> _Work instruction_: Please give the number of lines in the listing that include the word "Quotes", with no other words.

> _Material to process_:
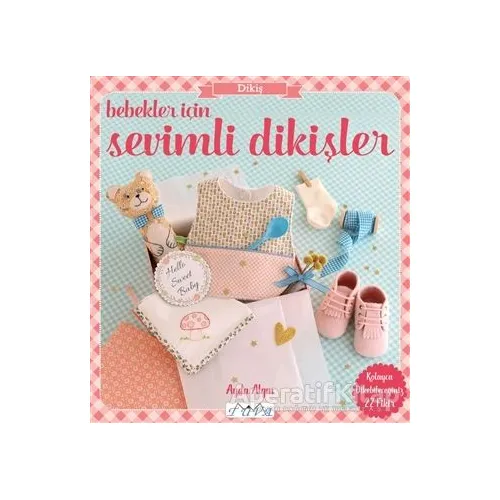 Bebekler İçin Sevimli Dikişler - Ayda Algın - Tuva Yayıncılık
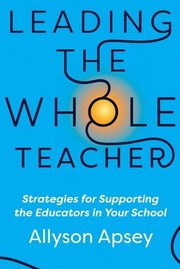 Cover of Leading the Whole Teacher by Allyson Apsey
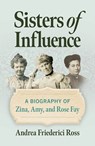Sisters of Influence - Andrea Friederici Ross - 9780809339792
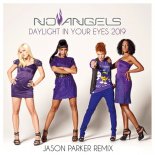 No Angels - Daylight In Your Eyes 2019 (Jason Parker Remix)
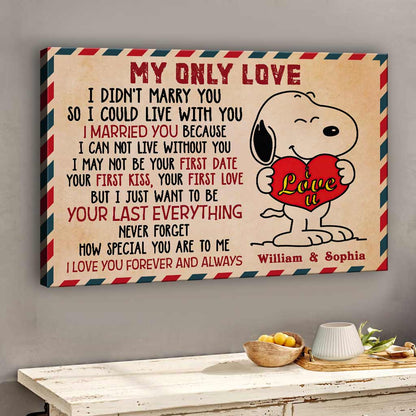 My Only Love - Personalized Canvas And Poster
---
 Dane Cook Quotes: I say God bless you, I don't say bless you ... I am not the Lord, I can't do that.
...
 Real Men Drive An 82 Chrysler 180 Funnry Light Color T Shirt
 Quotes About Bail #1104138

> _Problem solution_: 2